この問題に対応するために、svn copyコマンドを使用して、project-A/branches/1.0.1-SNAPSHOTにproject-A/tags/1.0タグがコピーされています。次の図に示すように、SNAPSHOT指定はまだリリースされていないバージョンを示すMavenの仕組みです。
分岐のコード修正が完了すると、その分岐はproject-A/branches/1.0.1-SNAPSHOTからproject-A/tags/1.0.1タグにコピーされます。その後、このタグからリリース・ビルドを実行できます。

ディレクトリ構造の表記規則の詳細は、次のURLにある『Subversionによるバージョン管理』の第2章を参照してください。
リポジトリ内に管理の必要な既存プロジェクトがある場合、SVNクライアントのimportコマンドを使用して、これらをインポートできます。
svn import LOCAL_PATH REPOSITORY_URL/REPOSITORY_PATH
次に例を示します。
svn import /checkouts/project-a svn+ssh://user@svn.mycompany.com/ciroot/subversion/repository/project-a/trunk/ -m "initial import"
コードを変更するには、通常、次の操作を実行します。
svn updateコマンドを使用して作業コピーを更新します。
変更を行います。
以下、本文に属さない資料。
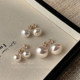 Shijia steamed bun pink pearl earrings for women 925 silver needle light luxury temperament earrings 2025 new niche earrings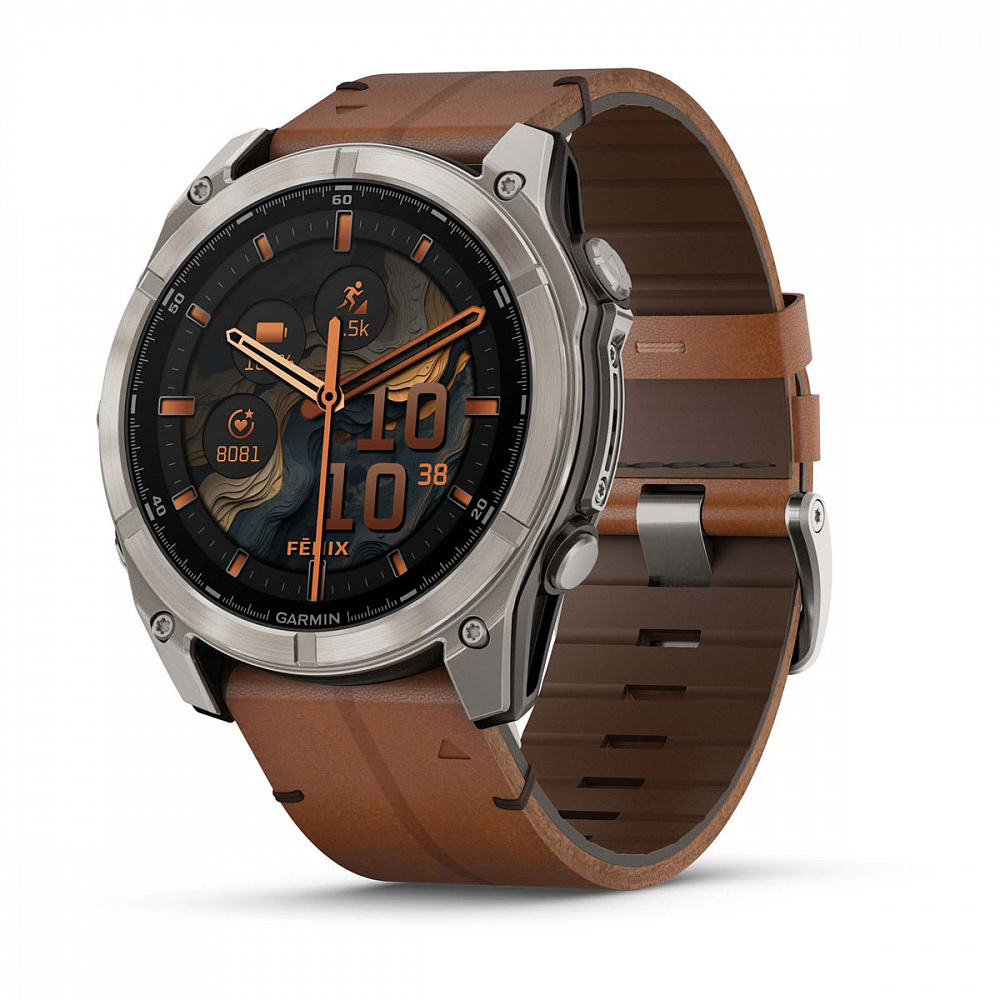 Умные часы Garmin FENIX 8 (010-02905-40) 51 мм Amoled Sapphire Bare Titanium Black with Chestnut Leather Band+Grapphite Silicone Band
必要に応じて、svn add、svn delete、svn copyおよびsvn moveコマンドを使用し、ファイルを編集します。
svn statusおよびsvn diffコマンドを使用して、変更を確認します。
間違いを修正します。svn revertコマンドを使用すると、変更を取り消したり、中止することができます。
競合を解決します。競合が解決したら、svn resolveコマンドを使用してマークを付けます。
svn commitまたはsvn ciコマンドを使用して、変更をコミットします。
図3-1は、SVN操作の完全なライフサイクルを示しています。
継続的インテグレーションの開発プロセスでは、このワークフローはおおむね変わりません。非継続的インテグレーション・プロセスよりも、コミットされる変更のセットが小さく、より頻繁に発生する傾向があります。継続的インテグレーション・システムでインテグレーション・ビルドを実行できるように、ターゲット・リリース用のアクティブなトランクまたは分岐コードをコミットする必要があります。将来的にメインライン・コード・ベースにマージすることを意図した個人的な分岐の作成は避けてください。個人的な分岐およびマージの手法は統合を遅らせるもので、継続的インテグレーションの原則に反します。
Subversionで管理されたプロジェクトの作業を開始するには、最初にファイルをローカル・ファイル・システムにチェックアウトする必要があります。SVNクライアントによって、各サブディレクトの.svnディレクトリにあるSubversionメタデータなどのプロジェクト・ファイルがシステムにコピーされます。次のコマンドを実行して、ファイルをチェックアウトします。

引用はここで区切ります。